─── Extracted material

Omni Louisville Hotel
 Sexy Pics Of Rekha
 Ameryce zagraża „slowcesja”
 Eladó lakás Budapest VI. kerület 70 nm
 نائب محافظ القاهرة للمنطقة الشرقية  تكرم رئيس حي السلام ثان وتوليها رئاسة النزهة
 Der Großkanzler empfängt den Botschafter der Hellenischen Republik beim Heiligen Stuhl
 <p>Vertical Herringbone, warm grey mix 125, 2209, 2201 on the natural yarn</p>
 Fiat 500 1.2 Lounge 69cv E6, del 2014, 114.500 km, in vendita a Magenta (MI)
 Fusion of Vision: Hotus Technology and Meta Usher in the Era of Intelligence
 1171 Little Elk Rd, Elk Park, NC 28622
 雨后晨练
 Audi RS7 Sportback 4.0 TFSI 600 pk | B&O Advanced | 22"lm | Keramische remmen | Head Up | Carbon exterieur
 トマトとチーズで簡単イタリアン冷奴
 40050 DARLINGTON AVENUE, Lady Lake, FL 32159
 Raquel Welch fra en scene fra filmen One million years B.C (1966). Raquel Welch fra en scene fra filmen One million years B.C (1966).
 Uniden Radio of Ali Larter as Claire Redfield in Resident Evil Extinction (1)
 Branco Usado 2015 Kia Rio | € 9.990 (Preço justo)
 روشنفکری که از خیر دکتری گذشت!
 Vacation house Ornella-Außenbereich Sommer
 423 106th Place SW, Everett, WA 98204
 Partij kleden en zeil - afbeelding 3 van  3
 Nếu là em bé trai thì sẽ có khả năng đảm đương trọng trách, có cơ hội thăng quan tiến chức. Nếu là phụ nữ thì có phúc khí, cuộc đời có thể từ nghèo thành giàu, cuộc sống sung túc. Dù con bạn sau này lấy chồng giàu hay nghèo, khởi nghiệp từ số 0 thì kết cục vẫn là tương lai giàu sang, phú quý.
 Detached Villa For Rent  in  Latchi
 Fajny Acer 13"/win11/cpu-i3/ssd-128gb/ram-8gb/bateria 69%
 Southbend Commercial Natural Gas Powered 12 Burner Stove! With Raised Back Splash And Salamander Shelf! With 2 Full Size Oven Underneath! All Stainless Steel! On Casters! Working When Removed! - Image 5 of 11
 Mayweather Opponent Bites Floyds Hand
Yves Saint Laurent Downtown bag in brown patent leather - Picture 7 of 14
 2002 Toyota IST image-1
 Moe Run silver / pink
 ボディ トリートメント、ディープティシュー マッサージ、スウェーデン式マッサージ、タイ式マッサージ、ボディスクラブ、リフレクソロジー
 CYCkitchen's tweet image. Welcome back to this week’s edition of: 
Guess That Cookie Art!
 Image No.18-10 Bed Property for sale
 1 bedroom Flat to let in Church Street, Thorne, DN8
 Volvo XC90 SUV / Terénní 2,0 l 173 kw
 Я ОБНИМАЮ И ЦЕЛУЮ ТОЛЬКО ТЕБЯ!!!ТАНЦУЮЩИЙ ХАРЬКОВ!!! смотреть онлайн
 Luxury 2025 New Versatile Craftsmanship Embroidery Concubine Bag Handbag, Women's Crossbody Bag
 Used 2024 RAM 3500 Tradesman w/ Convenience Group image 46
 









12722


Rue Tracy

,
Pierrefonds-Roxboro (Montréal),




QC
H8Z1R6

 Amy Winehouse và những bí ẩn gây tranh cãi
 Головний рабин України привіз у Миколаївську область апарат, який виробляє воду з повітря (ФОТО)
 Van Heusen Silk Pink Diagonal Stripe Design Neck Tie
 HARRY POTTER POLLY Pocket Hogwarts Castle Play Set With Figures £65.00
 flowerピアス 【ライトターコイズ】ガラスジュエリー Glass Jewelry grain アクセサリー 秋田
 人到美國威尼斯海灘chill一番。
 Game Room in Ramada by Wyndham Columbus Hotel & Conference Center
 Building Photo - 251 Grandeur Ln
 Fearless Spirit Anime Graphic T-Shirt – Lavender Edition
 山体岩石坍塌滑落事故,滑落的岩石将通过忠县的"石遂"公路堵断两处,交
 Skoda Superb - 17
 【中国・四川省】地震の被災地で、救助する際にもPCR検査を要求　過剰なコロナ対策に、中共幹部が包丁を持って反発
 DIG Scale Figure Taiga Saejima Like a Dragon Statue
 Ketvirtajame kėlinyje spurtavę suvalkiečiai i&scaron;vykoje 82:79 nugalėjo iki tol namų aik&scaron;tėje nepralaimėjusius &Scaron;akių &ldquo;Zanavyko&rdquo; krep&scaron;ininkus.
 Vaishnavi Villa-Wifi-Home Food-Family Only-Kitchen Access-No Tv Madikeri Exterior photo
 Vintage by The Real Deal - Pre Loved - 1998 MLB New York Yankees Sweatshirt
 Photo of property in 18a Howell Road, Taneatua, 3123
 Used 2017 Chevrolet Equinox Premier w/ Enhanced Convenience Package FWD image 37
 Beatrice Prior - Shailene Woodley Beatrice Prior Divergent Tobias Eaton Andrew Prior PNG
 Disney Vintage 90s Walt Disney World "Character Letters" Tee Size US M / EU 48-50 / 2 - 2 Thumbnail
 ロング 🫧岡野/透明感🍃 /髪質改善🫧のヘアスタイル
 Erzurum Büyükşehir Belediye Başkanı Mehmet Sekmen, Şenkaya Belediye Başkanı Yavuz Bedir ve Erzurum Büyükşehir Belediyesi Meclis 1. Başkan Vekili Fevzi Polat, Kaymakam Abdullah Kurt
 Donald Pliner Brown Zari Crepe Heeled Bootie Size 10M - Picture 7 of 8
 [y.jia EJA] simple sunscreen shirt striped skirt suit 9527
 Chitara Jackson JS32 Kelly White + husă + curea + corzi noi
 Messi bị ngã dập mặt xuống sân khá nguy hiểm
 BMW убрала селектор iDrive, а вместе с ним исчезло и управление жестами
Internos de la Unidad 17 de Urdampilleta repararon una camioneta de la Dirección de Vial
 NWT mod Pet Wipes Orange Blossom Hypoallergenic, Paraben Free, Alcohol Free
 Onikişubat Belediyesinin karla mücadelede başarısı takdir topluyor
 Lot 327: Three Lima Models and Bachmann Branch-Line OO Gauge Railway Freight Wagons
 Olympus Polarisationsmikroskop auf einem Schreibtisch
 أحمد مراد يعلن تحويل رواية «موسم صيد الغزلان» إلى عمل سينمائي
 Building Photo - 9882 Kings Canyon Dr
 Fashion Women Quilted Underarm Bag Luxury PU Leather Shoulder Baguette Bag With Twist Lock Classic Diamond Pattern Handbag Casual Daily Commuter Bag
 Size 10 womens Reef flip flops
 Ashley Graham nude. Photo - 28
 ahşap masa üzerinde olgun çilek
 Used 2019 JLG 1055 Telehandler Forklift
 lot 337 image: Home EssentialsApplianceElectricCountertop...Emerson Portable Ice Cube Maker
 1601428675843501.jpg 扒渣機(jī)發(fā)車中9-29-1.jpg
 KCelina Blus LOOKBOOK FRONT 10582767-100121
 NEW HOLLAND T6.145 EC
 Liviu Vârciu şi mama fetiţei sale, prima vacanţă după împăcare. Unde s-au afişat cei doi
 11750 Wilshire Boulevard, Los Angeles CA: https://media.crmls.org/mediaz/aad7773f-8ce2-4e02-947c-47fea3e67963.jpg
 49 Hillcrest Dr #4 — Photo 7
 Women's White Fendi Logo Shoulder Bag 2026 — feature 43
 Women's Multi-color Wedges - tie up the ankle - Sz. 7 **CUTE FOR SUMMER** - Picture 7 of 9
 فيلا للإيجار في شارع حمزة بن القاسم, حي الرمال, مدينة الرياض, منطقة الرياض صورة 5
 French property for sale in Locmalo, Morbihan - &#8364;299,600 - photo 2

──────

What this task involves: An exact repeat of all the entries above is required.

Solution to this problem:
Omni Louisville Hotel
 Sexy Pics Of Rekha
 Ameryce zagraża „slowcesja”
 Eladó lakás Budapest VI. kerület 70 nm
 نائب محافظ القاهرة للمنطقة الشرقية  تكرم رئيس حي السلام ثان وتوليها رئاسة النزهة
 Der Großkanzler empfängt den Botschafter der Hellenischen Republik beim Heiligen Stuhl
 <p>Vertical Herringbone, warm grey mix 125, 2209, 2201 on the natural yarn</p>
 Fiat 500 1.2 Lounge 69cv E6, del 2014, 114.500 km, in vendita a Magenta (MI)
 Fusion of Vision: Hotus Technology and Meta Usher in the Era of Intelligence
 1171 Little Elk Rd, Elk Park, NC 28622
 雨后晨练
 Audi RS7 Sportback 4.0 TFSI 600 pk | B&O Advanced | 22"lm | Keramische remmen | Head Up | Carbon exterieur
 トマトとチーズで簡単イタリアン冷奴
 40050 DARLINGTON AVENUE, Lady Lake, FL 32159
 Raquel Welch fra en scene fra filmen One million years B.C (1966). Raquel Welch fra en scene fra filmen One million years B.C (1966).
 Uniden Radio of Ali Larter as Claire Redfield in Resident Evil Extinction (1)
 Branco Usado 2015 Kia Rio | € 9.990 (Preço justo)
 روشنفکری که از خیر دکتری گذشت!
 Vacation house Ornella-Außenbereich Sommer
 423 106th Place SW, Everett, WA 98204
 Partij kleden en zeil - afbeelding 3 van  3
 Nếu là em bé trai thì sẽ có khả năng đảm đương trọng trách, có cơ hội thăng quan tiến chức. Nếu là phụ nữ thì có phúc khí, cuộc đời có thể từ nghèo thành giàu, cuộc sống sung túc. Dù con bạn sau này lấy chồng giàu hay nghèo, khởi nghiệp từ số 0 thì kết cục vẫn là tương lai giàu sang, phú quý.
 Detached Villa For Rent  in  Latchi
 Fajny Acer 13"/win11/cpu-i3/ssd-128gb/ram-8gb/bateria 69%
 Southbend Commercial Natural Gas Powered 12 Burner Stove! With Raised Back Splash And Salamander Shelf! With 2 Full Size Oven Underneath! All Stainless Steel! On Casters! Working When Removed! - Image 5 of 11
 Mayweather Opponent Bites Floyds Hand
Yves Saint Laurent Downtown bag in brown patent leather - Picture 7 of 14
 2002 Toyota IST image-1
 Moe Run silver / pink
 ボディ トリートメント、ディープティシュー マッサージ、スウェーデン式マッサージ、タイ式マッサージ、ボディスクラブ、リフレクソロジー
 CYCkitchen's tweet image. Welcome back to this week’s edition of: 
Guess That Cookie Art!
 Image No.18-10 Bed Property for sale
 1 bedroom Flat to let in Church Street, Thorne, DN8
 Volvo XC90 SUV / Terénní 2,0 l 173 kw
 Я ОБНИМАЮ И ЦЕЛУЮ ТОЛЬКО ТЕБЯ!!!ТАНЦУЮЩИЙ ХАРЬКОВ!!! смотреть онлайн
 Luxury 2025 New Versatile Craftsmanship Embroidery Concubine Bag Handbag, Women's Crossbody Bag
 Used 2024 RAM 3500 Tradesman w/ Convenience Group image 46
 









12722


Rue Tracy

,
Pierrefonds-Roxboro (Montréal),




QC
H8Z1R6

 Amy Winehouse và những bí ẩn gây tranh cãi
 Головний рабин України привіз у Миколаївську область апарат, який виробляє воду з повітря (ФОТО)
 Van Heusen Silk Pink Diagonal Stripe Design Neck Tie
 HARRY POTTER POLLY Pocket Hogwarts Castle Play Set With Figures £65.00
 flowerピアス 【ライトターコイズ】ガラスジュエリー Glass Jewelry grain アクセサリー 秋田
 人到美國威尼斯海灘chill一番。
 Game Room in Ramada by Wyndham Columbus Hotel & Conference Center
 Building Photo - 251 Grandeur Ln
 Fearless Spirit Anime Graphic T-Shirt – Lavender Edition
 山体岩石坍塌滑落事故,滑落的岩石将通过忠县的"石遂"公路堵断两处,交
 Skoda Superb - 17
 【中国・四川省】地震の被災地で、救助する際にもPCR検査を要求　過剰なコロナ対策に、中共幹部が包丁を持って反発
 DIG Scale Figure Taiga Saejima Like a Dragon Statue
 Ketvirtajame kėlinyje spurtavę suvalkiečiai i&scaron;vykoje 82:79 nugalėjo iki tol namų aik&scaron;tėje nepralaimėjusius &Scaron;akių &ldquo;Zanavyko&rdquo; krep&scaron;ininkus.
 Vaishnavi Villa-Wifi-Home Food-Family Only-Kitchen Access-No Tv Madikeri Exterior photo
 Vintage by The Real Deal - Pre Loved - 1998 MLB New York Yankees Sweatshirt
 Photo of property in 18a Howell Road, Taneatua, 3123
 Used 2017 Chevrolet Equinox Premier w/ Enhanced Convenience Package FWD image 37
 Beatrice Prior - Shailene Woodley Beatrice Prior Divergent Tobias Eaton Andrew Prior PNG
 Disney Vintage 90s Walt Disney World "Character Letters" Tee Size US M / EU 48-50 / 2 - 2 Thumbnail
 ロング 🫧岡野/透明感🍃 /髪質改善🫧のヘアスタイル
 Erzurum Büyükşehir Belediye Başkanı Mehmet Sekmen, Şenkaya Belediye Başkanı Yavuz Bedir ve Erzurum Büyükşehir Belediyesi Meclis 1. Başkan Vekili Fevzi Polat, Kaymakam Abdullah Kurt
 Donald Pliner Brown Zari Crepe Heeled Bootie Size 10M - Picture 7 of 8
 [y.jia EJA] simple sunscreen shirt striped skirt suit 9527
 Chitara Jackson JS32 Kelly White + husă + curea + corzi noi
 Messi bị ngã dập mặt xuống sân khá nguy hiểm
 BMW убрала селектор iDrive, а вместе с ним исчезло и управление жестами
Internos de la Unidad 17 de Urdampilleta repararon una camioneta de la Dirección de Vial
 NWT mod Pet Wipes Orange Blossom Hypoallergenic, Paraben Free, Alcohol Free
 Onikişubat Belediyesinin karla mücadelede başarısı takdir topluyor
 Lot 327: Three Lima Models and Bachmann Branch-Line OO Gauge Railway Freight Wagons
 Olympus Polarisationsmikroskop auf einem Schreibtisch
 أحمد مراد يعلن تحويل رواية «موسم صيد الغزلان» إلى عمل سينمائي
 Building Photo - 9882 Kings Canyon Dr
 Fashion Women Quilted Underarm Bag Luxury PU Leather Shoulder Baguette Bag With Twist Lock Classic Diamond Pattern Handbag Casual Daily Commuter Bag
 Size 10 womens Reef flip flops
 Ashley Graham nude. Photo - 28
 ahşap masa üzerinde olgun çilek
 Used 2019 JLG 1055 Telehandler Forklift
 lot 337 image: Home EssentialsApplianceElectricCountertop...Emerson Portable Ice Cube Maker
 1601428675843501.jpg 扒渣機(jī)發(fā)車中9-29-1.jpg
 KCelina Blus LOOKBOOK FRONT 10582767-100121
 NEW HOLLAND T6.145 EC
 Liviu Vârciu şi mama fetiţei sale, prima vacanţă după împăcare. Unde s-au afişat cei doi
 11750 Wilshire Boulevard, Los Angeles CA: https://media.crmls.org/mediaz/aad7773f-8ce2-4e02-947c-47fea3e67963.jpg
 49 Hillcrest Dr #4 — Photo 7
 Women's White Fendi Logo Shoulder Bag 2026 — feature 43
 Women's Multi-color Wedges - tie up the ankle - Sz. 7 **CUTE FOR SUMMER** - Picture 7 of 9
 فيلا للإيجار في شارع حمزة بن القاسم, حي الرمال, مدينة الرياض, منطقة الرياض صورة 5
 French property for sale in Locmalo, Morbihan - &#8364;299,600 - photo 2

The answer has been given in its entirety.